A majority of Will Toldeo’s albums as Car Seat Headrest have been born from some kind of resentment. On Twin Fantasy, he resented a relationship turned sour, and on How to Leave Town and Teens of Denial that resentment turned to his surroundings (on Baby My Back is Killing Me you needn’t look past the title). So on Toledo & Co.’s new album Making a Door Less Open, it makes sense that the dissatisfaction has turned towards what they’ve been dealing with the past few years: fame. However, instead of the house-burning stylistic change that was teased by lead single “Can’t Cool Me Down”, MALDO is a relatively safe album by a band that’s shed their skin but unsure about where to go.
In understanding MALDO, it’s important to know that the album was recorded across two different sessions: once as a conventional indie-rock album and once as an EDM remix fueled by the band’s side project One Trait Danger. The result is an album grafted together by those two sessions, and this is more or less where the album fails. MALDO refuses to commit its identity to anything and half the tracklist sounds unfinished. Both iterations of “Deadlines” fall flat, while “Martin” and “Hymn- Remix” begin promising but lack the anthemic endings so many of the best Car Seat Headrest songs have. “Hollywood” and “What’s With You Lately” are some of the worst songs in the band’s discography. Car Seat Headrest has always thrived under Toldedo’s singular vision with the band filling in the blanks around him, and those two aforementioned songs feel like lazy attempts at making the band a more democratic venture if only to buff up the tracklist. MALDO does have its shining moments, however. The album opener “Weightlifters” is the type of song the band became famous for in the first place. It’s a masterclass in prolonged tension across a song and ends with a blazing finish that could imitated by no other band. But the
greatest song on MALDO has to be “There Must Be More Than Blood”. The synths lock into a motorik groove with the drums and the song just hangs there for seven minutes, it’s euphoric.

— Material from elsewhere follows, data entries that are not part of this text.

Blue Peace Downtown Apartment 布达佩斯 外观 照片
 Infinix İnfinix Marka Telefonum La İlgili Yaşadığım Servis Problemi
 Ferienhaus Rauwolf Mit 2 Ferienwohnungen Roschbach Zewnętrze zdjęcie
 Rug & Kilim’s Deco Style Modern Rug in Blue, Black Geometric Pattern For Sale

Making a Door Less Open generally is the first misfire from one of the most exciting bands in indie-rock today but hints the promise of change. If Will Toledo and his band have lost their faith in guitar-based music, good on them. But in order to pull off the promise of electronic music that they claimed “will compete with the other groups at festivals like Coachella”, they’re gonna need a hell of a lot more focus.